The first and the only completed item on the list is the preparing of my father's house for rental. That was accomplished yesterday afternoon about 5 PM. The project involved going through my dad's "goods," and either selling (a few), giving (most) away or keeping (a few), and repairing and refurbishing the house itself. I'd like to thank mostly some family members for their most excellent (Garth!) help: daughters Amy and Alyssa, their bf's Chris Brown and Chris McGee, nephews Jonathan and Josh Pankey, Becky V., and friends Don and Onie Libeau. Thanks to my dad Clyde for giving me carte blanche to mete out his material goods. That made my job a lot easier. And thanks to my brother Ron for moral and other support from Georgia. I love you all! Also, thanks to "Miss Emily" Wittig for the contact that got us renters who are arriving today all the way from Florida.
Thanks a bunch, guys! We did it! (If I omitted anyone please forgive me and let me know in a comment so I can add you to the list!)
The second project is adding a foot of insulation to the existing six inches in the attic. This is about 60% completed and soon will be impossible to do with air temps in the 2000 degree range in the attic in the summer around here. Must...finish...itchy...project...
The third, converting our six-foot security fence to a 42 inch picket fence. So far I have completed two eight-foot sections out of 73. Hmmm...If only the weather would turn warmer. Oh, wait, it has...
The fourth, taking my Biscuit City blog more seriously. Let me know what you think of the blog and see if I am taking it more seriously.
Fifth, integrating my father's extensive tool collection into my less-than-extensive tool holdings. Not much done on this, but it will be a summer project in the cool basement!
And sixth, my wanting to be a better human being. Your call on progress on that.
The title of this post is of course a play on words from the passage in Acts in which Saul undergoes a dramatic (to say the least) conversion experience on the road to Damascus to persecute Christians. I think anyone who is familiar with the Bible knows the details: if you don't, I invite you to read one of the most compelling change-of-heart, mind and soul accounts out there. It's in Acts 9, 22 and 26, with the main narrative in 9 and repurposed accounts in 22 and 26.
The connection to my father's house is that it is located on Damascus Drive. We as family and friends have had a road to Damascus experience when my mom and dad moved there from Loudoun County after she began showing signs of Alzheimer's in 2002. They moved in 2004 and she passed away in 2007. My dad moved into a senior living center in 2008 and into assisted living this past October. I started readying the house for rental to a new tenant in August 2010. That experience has been our road from Damascus.
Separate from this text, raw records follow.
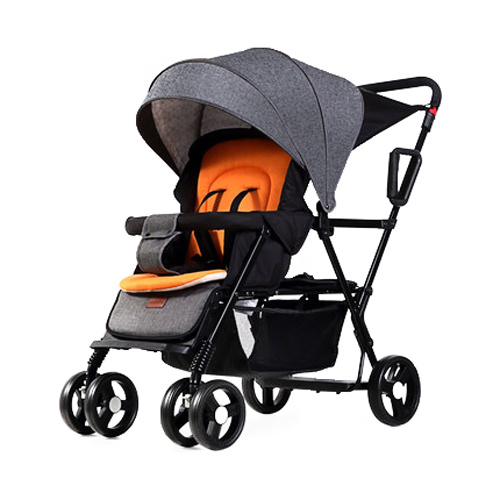 baby stroller best buy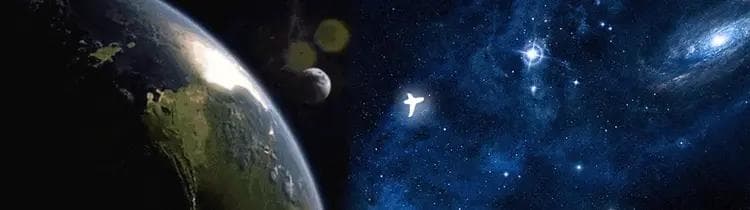 在中国哪里可以捡到钻石？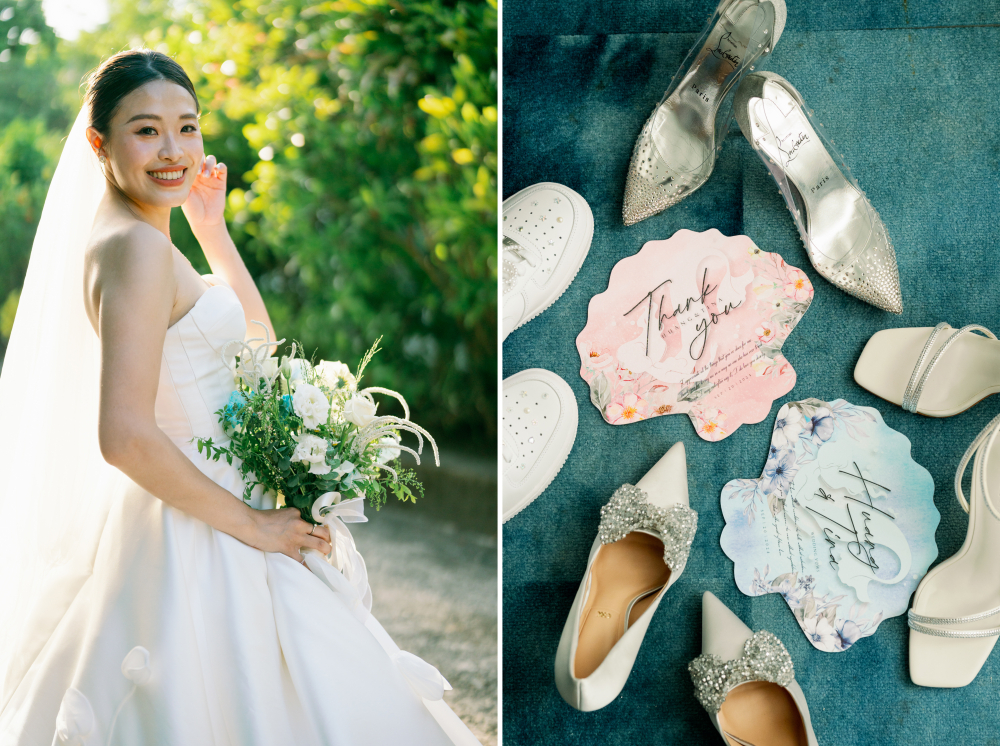 palaiscollection-wedding-phtography-by-lifevision-luke-taipei-4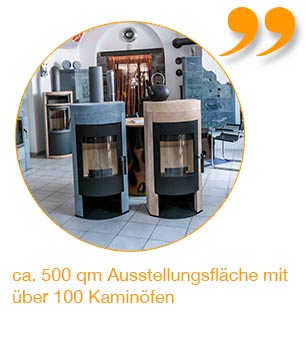inhalt_produkte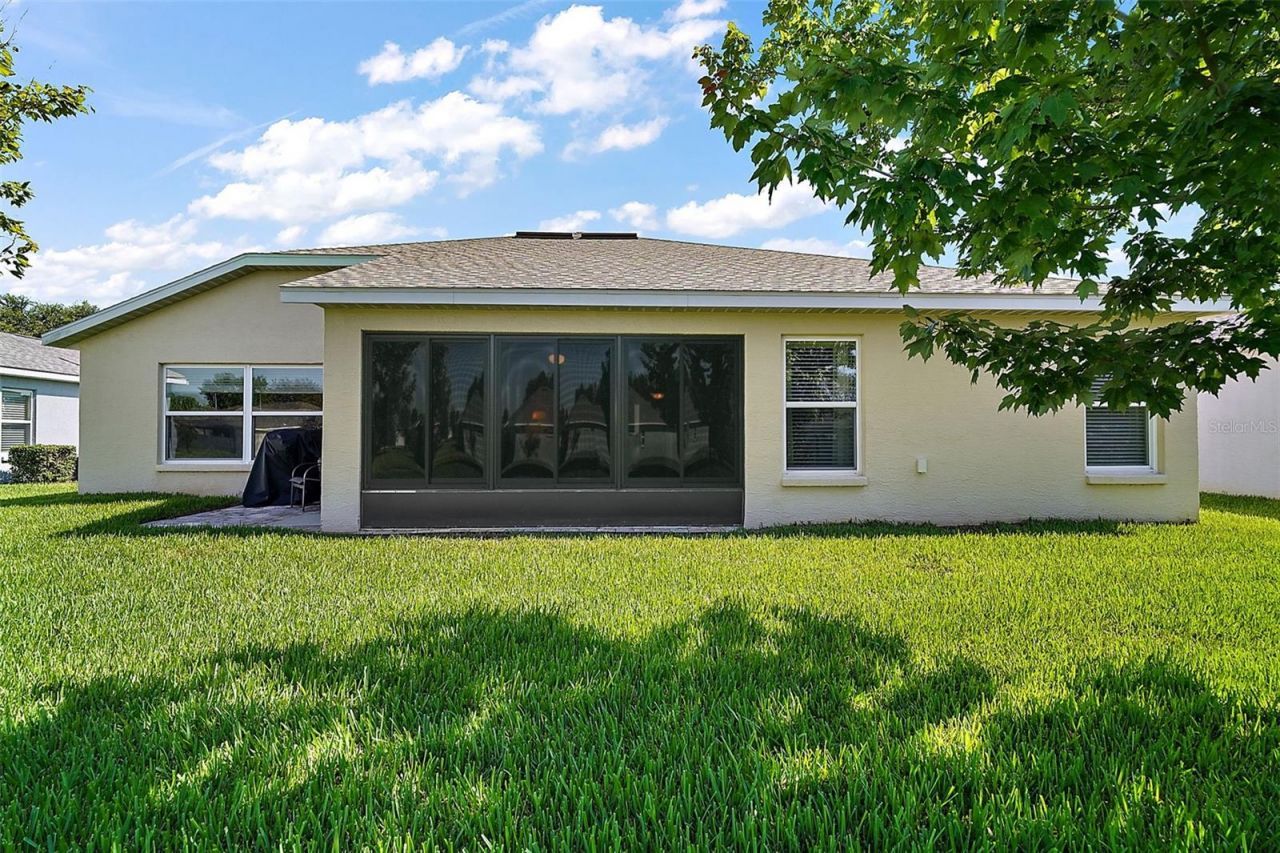 27102 Camerons Run, Leesburg, FL 34748 Photo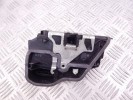 Замок двери задней левой BMW 7-series (E65/66) 51 22 7 167 069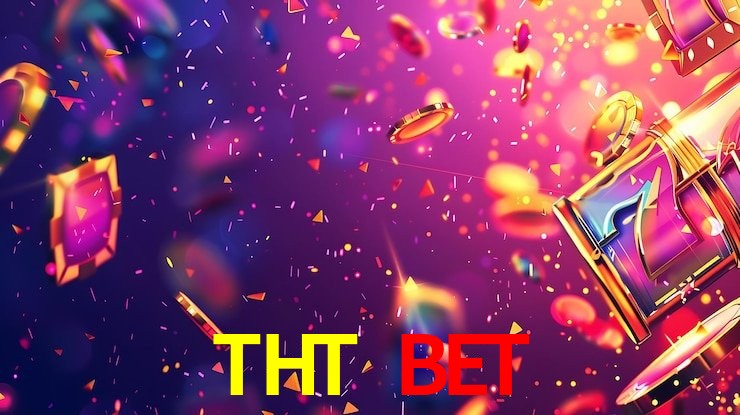 Estratégias Crash Games THT BET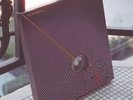 TAME IMPALA - Currents, Collector's Edition Box Set COLORED VINYL _Sealed New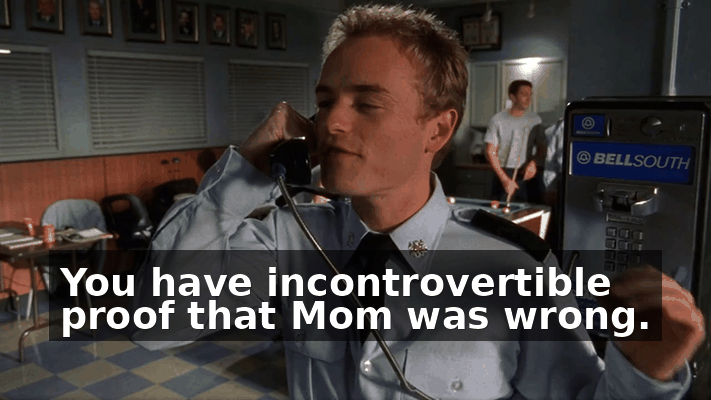 ce5c90e2-5855-4542-a85d-749a56ae4f1a.gif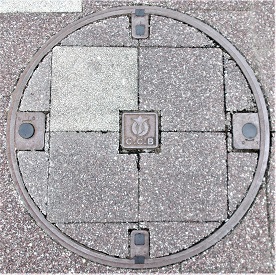 ���m�������a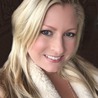 Karen P. Welch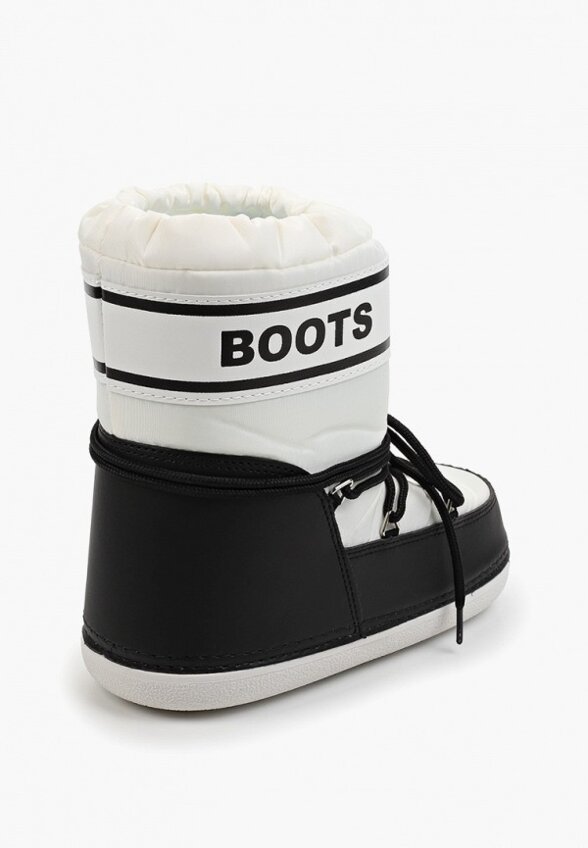 Луноходы Patrol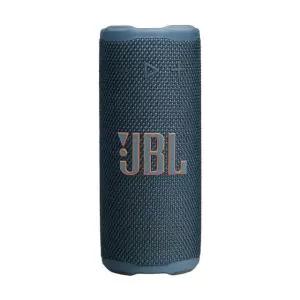 JBL 스피커 JBLGRIPBLU etv 무료배송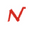 Noyafa Coupons and Promo Code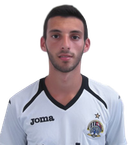 Dunstan Vella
I have been over to the house almost every day since August. I was thinking about Paul's experience as recorded in Acts after he went, blinded, to Damascus. He began to preach the Gospel while there (imagine the reaction of his handlers in Jerusalem: "Paul is doing WHAT?") and soon put his life in danger to such an extent that he had to be lowered to the ground in a large basket from the top of the city wall at night to escape. He went back to Jerusalem where he incited the local population to such an extent that he was fortunate (or saved by God) to escape with his life again. Paul could stir things up!
Like Paul, we have had our journey to Damascus. And now we have journeyed from Damascus. And like Paul, we have learned and been sustained by friends and believers, saved by the grace of God, and now set on a new road to witness, serve and to keep on keeping on. Thanks be to God for his amazing grace and loving sustenance for all of us!